Изо всех когда-либо изобретенных систем религии нет более умаляющей всевышнего, менее поучительной для человека, более несовместимой с разумом и более противоречивей в самой себе, чем так называемое христианство. Слишком абсурдное, чтобы в него поверить, слишком неспособное кого-либо убедить и слишком непоследовательное, чтобы его осуществить, оно приводит сердце в оцепенение и производит только атеистов и фанатиков. Как машина власти, оно служит интересам деспотизма, а как средство обогащения — алчности попов. Что же касается блага человека вообще, оно не ведет ни к чему, ни сейчас, ни потом.

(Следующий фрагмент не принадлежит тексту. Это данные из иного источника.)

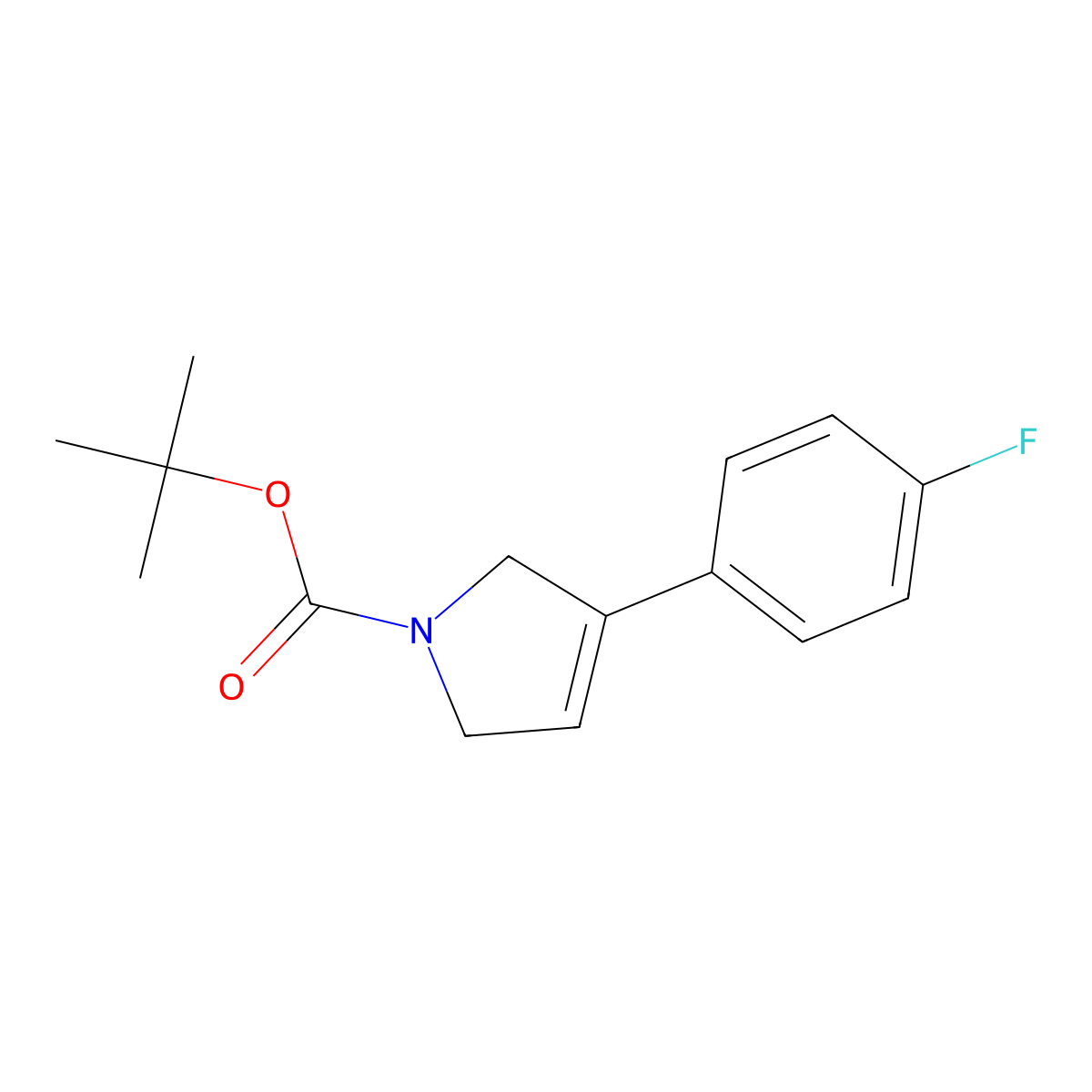 tert-butyl 3-(4-fluorophenyl)-2,5-dihydro-1H-pyrrole-1-carboxylate molecular structure, CAS 1616370-83-2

Единственная религия, которая не была вымышлена и божественное происхождение которой очевидно, есть чистый и простой деизм. Он должен был быть первым и, вероятно, будет последним, во что верит человек. Но чистый и простой деизм не отвечает целям деспотических правительств. Они не могут сохранить религию как машину, не смешав ее с человеческими выдумками и не сделав частью ее свой собственный авторитет. Религия не отвечает и алчности попов, если только они не включат самих себя и свои функции в эту систему и не станут, как и правительство, ее частью. Вот что образует непостижимую иначе связь церкви и государства, церкви человеческой и государства тиранического.
30
В так называемой нагорной проповеди Христа (в Евангелии от Матфея), где среди других хороших вещей много этой притворной морали, ясно сказано, что учение о прощении или воздержании от мщения за обиды не было частью иудейской доктрины. Но поскольку эта доктрина находится в Притчах, то, согласно этому утверждению, она должна была быть заимствована у язычников, от которых узнал ее Христос. Те, кого иудеи и христианские идолопоклонники называли язычниками, имели гораздо лучшие и более ясные идеи справедливости и нравственности, чем те, которые нам приходится находить в Ветхом завете, поскольку он является иудейским, и в Новом. Ответ Солона на вопрос, каково наиболее совершенное народное правление, так и не был превзойден кем-либо после него в смысле содержащейся в нем максимы политической нравственности. «То,— говорит он,— где малейшая обида, нанесенная последнему из граждан, рассматривается как оскорбление всему [государственному]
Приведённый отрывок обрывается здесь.